= Liu Guitang =

Chinese bandit

Liu Guitang

Liu Guitang (刘桂堂 (劉桂堂, Liú Guìtáng, Liu Kuei-tang); 1892 – 1943) was a Chinese bandit and soldier, involved in the Japanese attempt to control Chahar province in 1933. Noted for switching sides several times and returning to banditry. Later, during the Second Sino-Japanese War, he commanded some Nanjing Government puppet troops.

The former goat-herder Liu Guitang officially became a full-time bandit in 1915 at the age of 23 in the mountains of southern Shandong. He rose to command a large band of bandits, which eventually surrendered themselves to a Chinese army unit that absorbed them into its ranks (a common recruitment practice of the time). Liu and his men were given new arms and equipment and some time later deserted. They were eventually taken back by the army, but deserted once again. Taken back again in 1931, they were sent by Gen. Han Fuju (governor of Shandong) to help garrison northern Shandong. After yet another desertion they were sent by the Young Marshal Zhang Xueliang to garrison Rehe against Japanese and Manchukuoan forces in early 1933. There Gen. Liu and his men finally went over to the Japanese and Liu was made a Manchukuoan commander.

Liu Guitang, now under Japanese orders, was sent to the southeastern part of Chahar province in the Dolonor region with the object of causing trouble for the Chinese there. He then led his estimated 3,000 troops further east to Zhangbei. Reported at the time as a Japanese operation, it may have been done by Liu without Japan's approval.

In late June a force of two corps of the Chahar People's Anti-Japanese Army under Ji Hongchang pushed northeast against Duolun. His southern corps, under Fang Zhenwu, advanced on Guyuan, held by Liu and his puppet army. Fang persuaded Liu to negotiate with him to change sides in return for surrendering Guyuan and other places on the Bashang Plateau. Liu agreed and retained command of his force, now called the 6th Route.

Chiang Kai-shek began to oppose and subvert the Anti-Japanese Army, directing Song Zheyuan to incorporate, disperse or suppress the Anti-Japanese forces still under Fang Zhenwu. The Anti-Japanese Army was considerably reduced by Song's activities. Fang Zhenwu as the new commander-in-chief ordered the army east to Dushikou. On September 10, Liu met with Fang Zhenwu, Tang Yulin and Ji Hongchang at Yunzhou (north of Chicheng). Together they decided to reorganize the Anti-Japanese Army; Fang Zhenwu was to be commander-in-chief, Tang Yulin deputy commander-in-chief, Guitang Right Route commander, Ji Hongchang Left Route commander and the decision was taken to leave from Dushikou and advance south to attack Beijing.

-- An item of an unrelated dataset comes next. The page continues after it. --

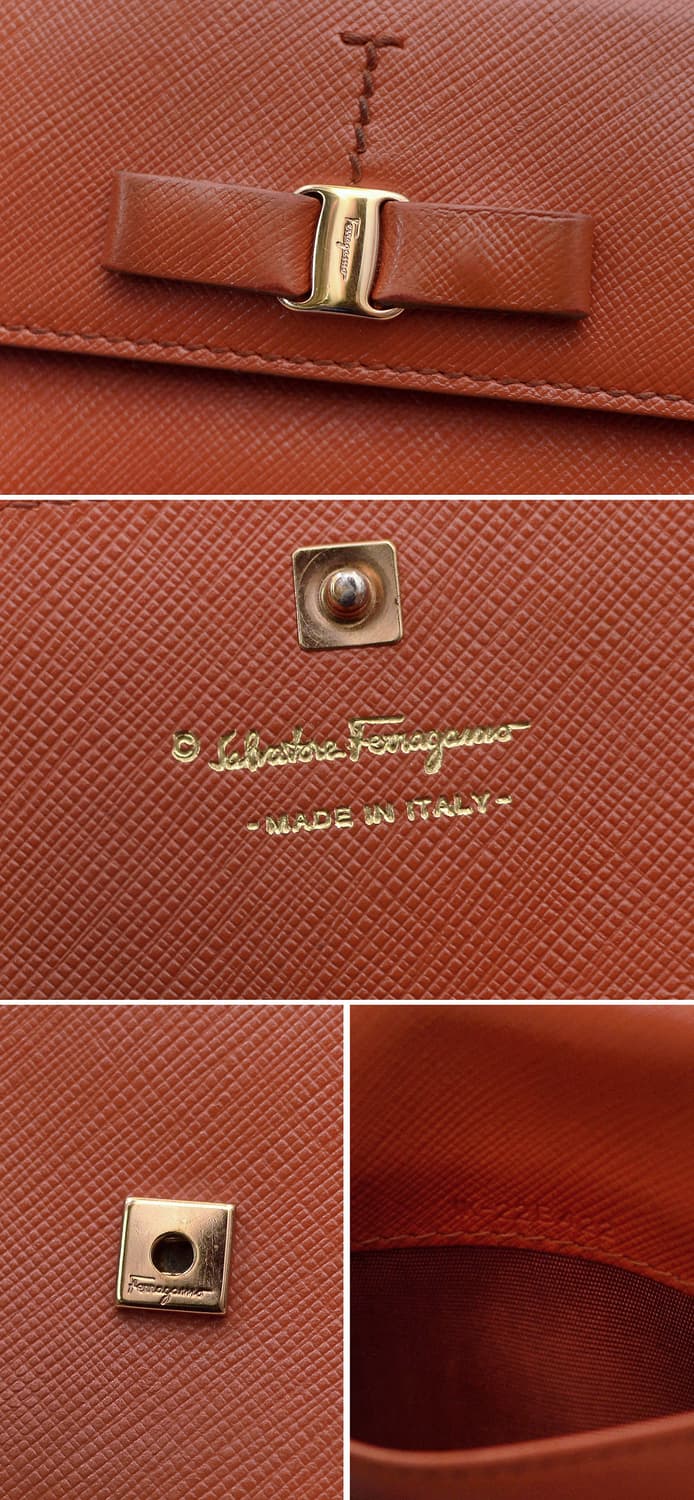 페라가모 금장 바라리본 사피아노 레더 아코디언 컴팩트 지갑 상품이미지9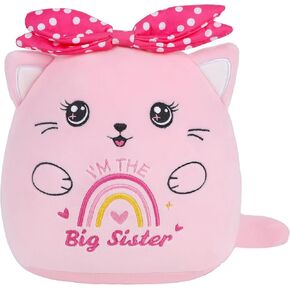 الحيوانات الكبرى المحشوة بالحيوانات: لطيف 10 بوصات أنا The Big Sister Cat Plush Toy ، Pink Bow Rainbow Cat Plushie Plushie ، Gifts Fir Kids Birls Decor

After the meeting in September Liu changed sides. He was given the title of Bandit Suppression Commander of Eastern Chahar and command of three regiments stationed at Chicheng, Dushikou and Yunzhou. Liu's force then blocked Tang's troops from following the rest of the Anti-Japanese Army south, leaving Fang Zhenwu and Ji Hongchang to continue alone; they were defeated outside Beijing in October.

Over the next few months Liu and his men became discontented with their new employment. His forces clashed with the local militia when they tried to collect more taxes than were legally authorized. He tried to get his command posted to a more prosperous location where he would have difficulty getting food for his men. Sung Che-yuan refused his request. Liu and his men revolted on December 25, 1933, and sacked two towns. Under pressure from the forces of Tang Yulin, Liu's men loaded their loot on hundreds of commandeered camels and donkeys and moved south into the newly created demilitarized zone in northern Hebei. He moved back and forth across it to avoid the Japanese and Chinese armies, neither of which would employ him or his men anymore. On January 1, 1934, his force attacked a town within 15 miles of Beijing. Troops of Gen. Han Fuju were sent against him and defeated Liu's force. He evaded capture and reached the Japanese concession in Tianjin. There he was said to have once more offered his services to the Japanese.

It seems he returned to Shandong sometime late in the 1930s, and during the Second Sino-Japanese War commanded a puppet garrison for the defense of Juxian in support of the Japanese attack on Linyi during the Battle of Xuzhou. He managed to become Commander of over 1000 puppet troops for the Nanjing government in Shandong province. It is claimed he was killed in combat with Communist guerrilla troops in November 1943.